Two plays into a career is a little early to establish a playwright's themes. In the case of Brian Daniels, the chief executive and artistic director of Hampstead's New End Theatre, it is even harder.
Take his first play, A Big Day for the Goldbergs, which has just opened at the New End. A bitter-sweet offering about a loving if dysfunctional Jewish family in Leeds, it is populated by two sisters and their divorced mother. One of the daughters is about to get married to a man she hopes one day to love, the other breaks free of her claustrophobic home life to work in a circus.
"I was asked to do something for the Leeds Jewish Performing Arts Festival," explains Daniels. "Originally it was a little one-hour monologue. Then it kind of grew into a two-person play about two sisters, and because I grew up in Leeds, I heard all those Leeds voices and all the neuroses of a provincial Jewish life and its ghetto mentality."
Now take the second play. Where's Your Mama Gone? recently premiered at the Carriageworks Theatre in Leeds. "It is really about underclass life," says Daniels. "It's a side of life I saw when I used to accompany my dad to work. He was a tallyman. He used to go around the estates selling people goods on tick. He was selling to the very poorest people."
It is a much darker work predominantly about a pair of twins whose life is torn apart when their mother becomes the first victim of the Yorkshire Ripper.
So it is hard to imagine two plays that are more different. But Daniels, who has staged over 200 productions since he sold his employment agency business 14 years ago to become an impresario, puts his finger on a common theme.

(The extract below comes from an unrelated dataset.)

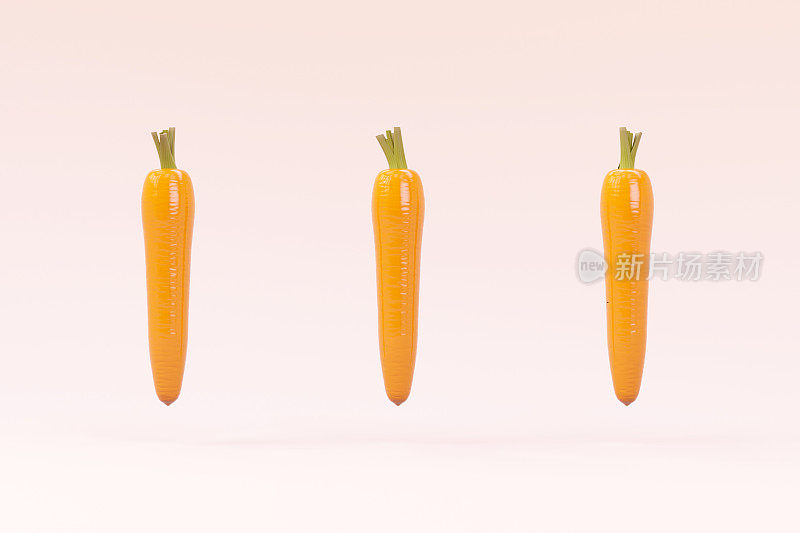 3D胡萝卜对象在白色孤立的背景。3D插图橙色胡萝卜，三个橙色胡萝卜的背景。胡萝卜悬在空中。3 d图形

"Both plays are about disparate family life and the strength of family relationships," he says. "And although Goldbergs is a comedy, like Where's Your Mama Gone? it has a serious underlying theme. In a way the Goldbergs are a stereotypical Jewish family, but the things that happen to them take them outside that realm of living within the Jewish circle."
And the play, which in its two-hander version did well at the Edinburgh Festival last year, has a message. "It is saying it is OK to be different," says Daniels. "They have the right to live the life they want. Even the play's Jewish matriarch has that journey from thinking she couldn't marry out to where she may have a relationship with a non-Jewish man."

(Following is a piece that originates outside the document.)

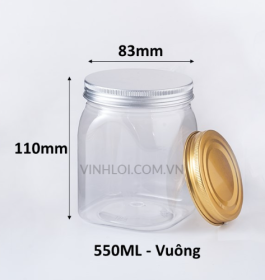 Hủ vuông nắp nhôm 550ML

It is, says Daniels, a message that is relevant to the Leeds community where Jewish life can be particularly parochial. "I have always listened to conversations within the community and you pick up what the obsessions are - about whether the children have made good marriages, and whether the marriages are within the faith and what professions the people their children have married are. It's less so in London, but when I go back to Leeds I recognise it more. A lot of people do stay within the community. I don't have a view as to whether it's a good or a bad thing."
Play number three in the Daniels canon promises to be different again. "I'm wsriting about the young men who survived the Holocaust and were transported to the Lake District," he says. In common with its two predecessors it has a strong title - From Auschwitz to Ambleside. "A title can do a lot to make people come. That's one thing I've learned all these years at the New End."